◆ Problem to work on:
Repeat the data exactly as given below, dropping every picture.

** Supplied data follows **

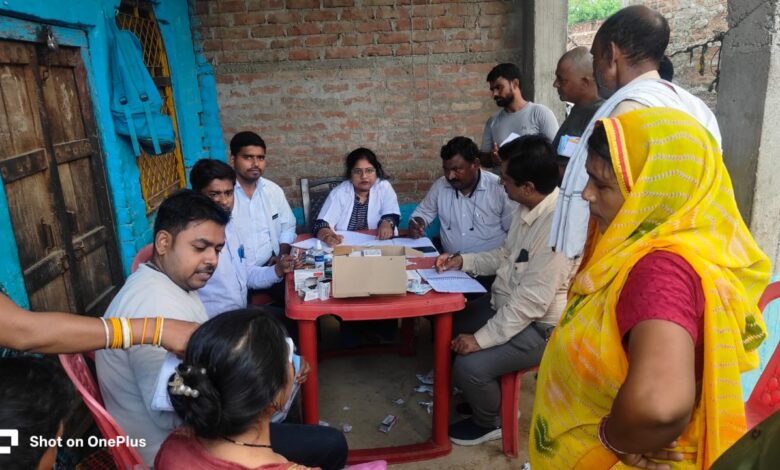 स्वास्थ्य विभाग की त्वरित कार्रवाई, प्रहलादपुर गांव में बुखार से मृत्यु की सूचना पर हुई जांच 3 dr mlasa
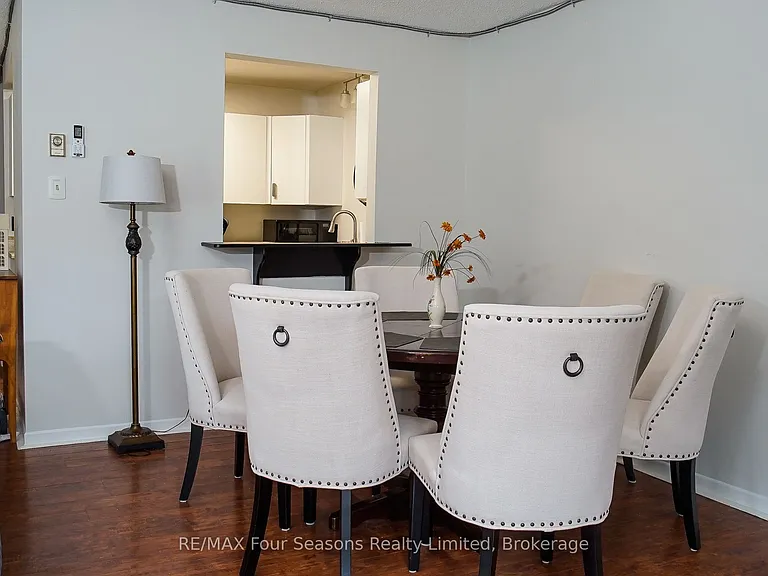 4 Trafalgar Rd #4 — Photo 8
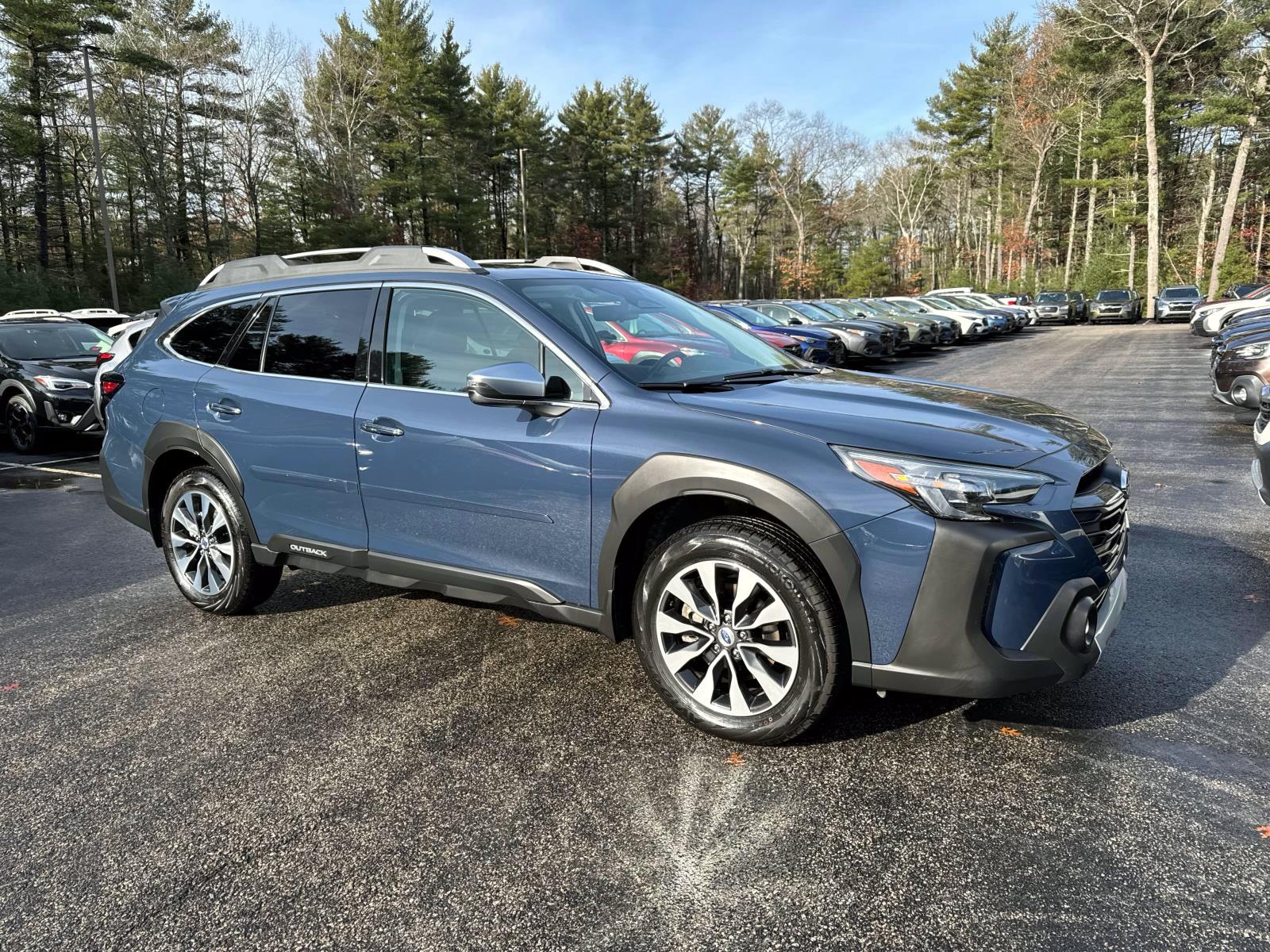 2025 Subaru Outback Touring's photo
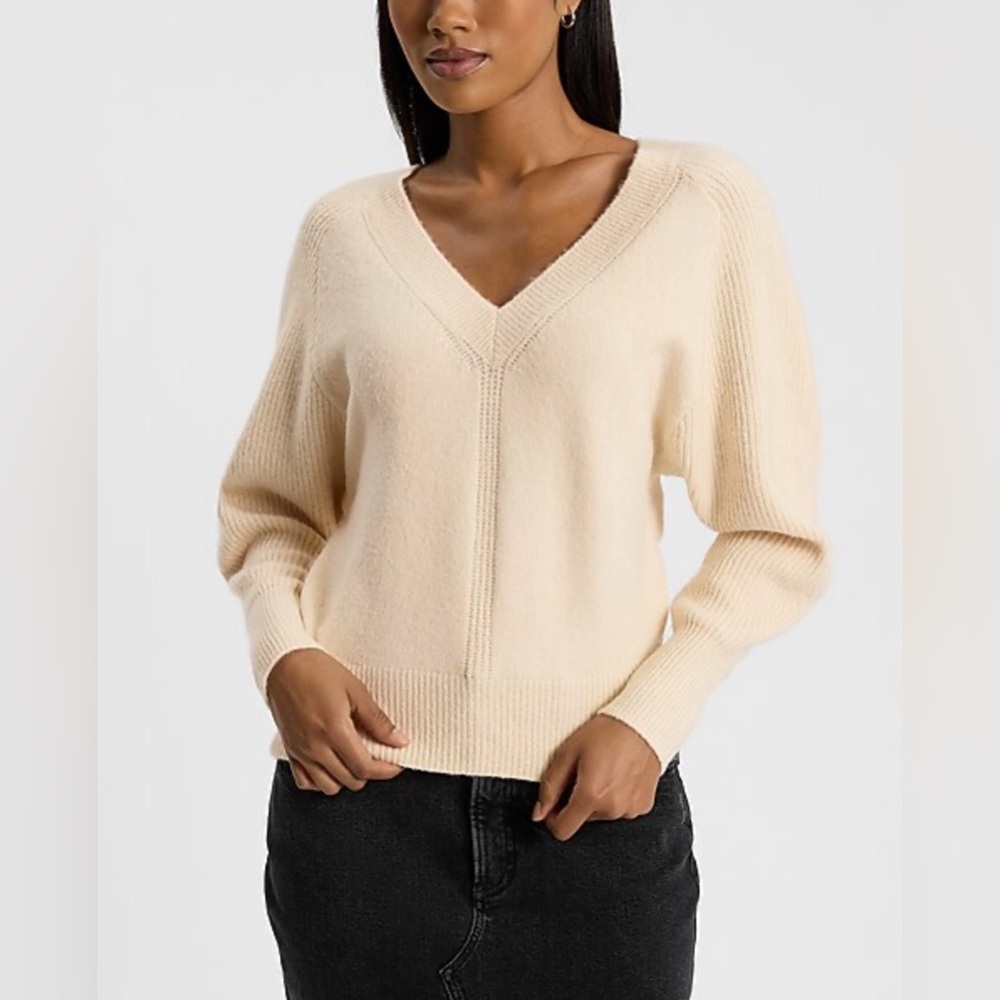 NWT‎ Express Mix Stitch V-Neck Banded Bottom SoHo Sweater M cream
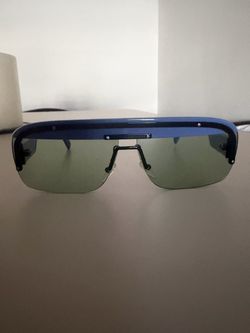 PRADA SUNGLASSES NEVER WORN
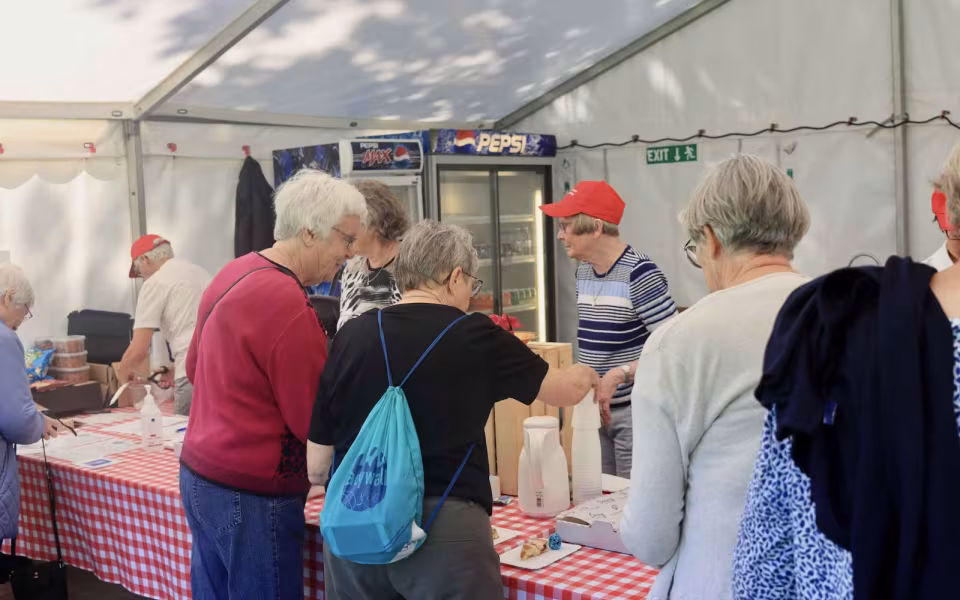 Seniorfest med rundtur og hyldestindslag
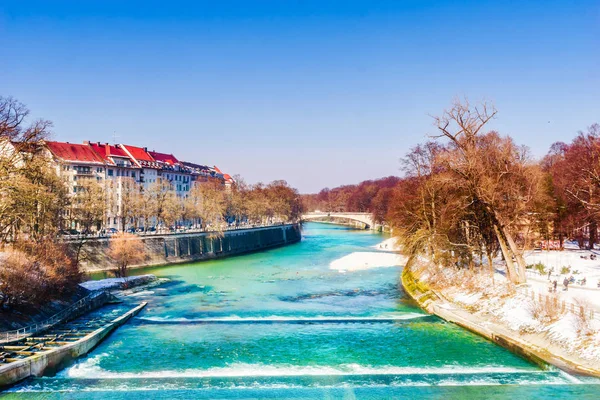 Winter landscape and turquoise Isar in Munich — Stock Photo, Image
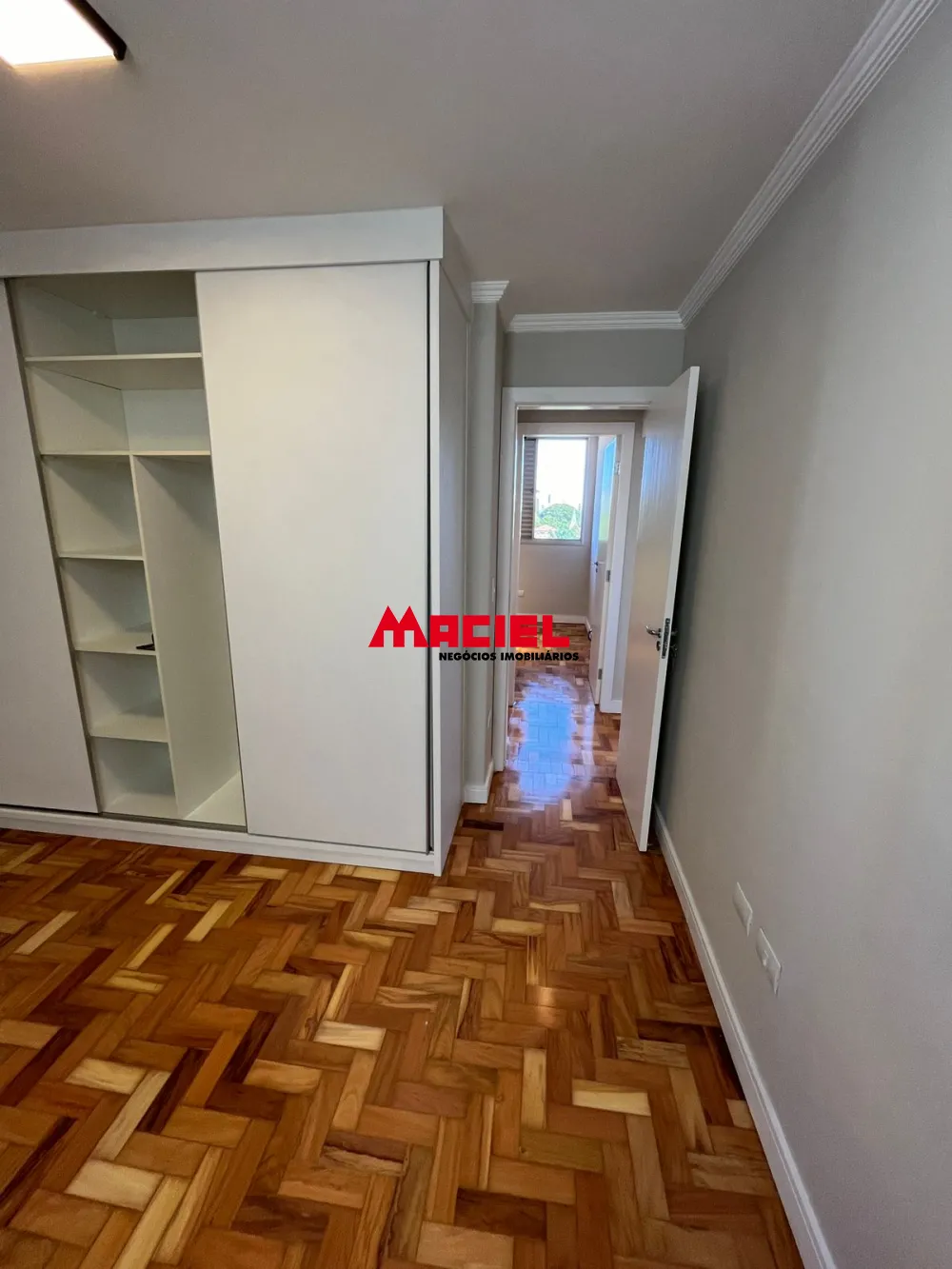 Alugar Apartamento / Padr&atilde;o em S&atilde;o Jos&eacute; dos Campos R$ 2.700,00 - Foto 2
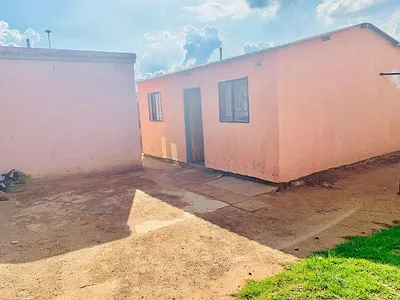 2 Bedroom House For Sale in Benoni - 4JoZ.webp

** End of Supplied data **

◆ Output for this exercise:
 स्वास्थ्य विभाग की त्वरित कार्रवाई, प्रहलादपुर गांव में बुखार से मृत्यु की सूचना पर हुई जांच 3 dr mlasa
 4 Trafalgar Rd #4 — Photo 8
 2025 Subaru Outback Touring's photo
 NWT‎ Express Mix Stitch V-Neck Banded Bottom SoHo Sweater M cream
 PRADA SUNGLASSES NEVER WORN
 Seniorfest med rundtur og hyldestindslag
 Winter landscape and turquoise Isar in Munich — Stock Photo, Image
 Alugar Apartamento / Padr&atilde;o em S&atilde;o Jos&eacute; dos Campos R$ 2.700,00 - Foto 2
 2 Bedroom House For Sale in Benoni - 4JoZ.webp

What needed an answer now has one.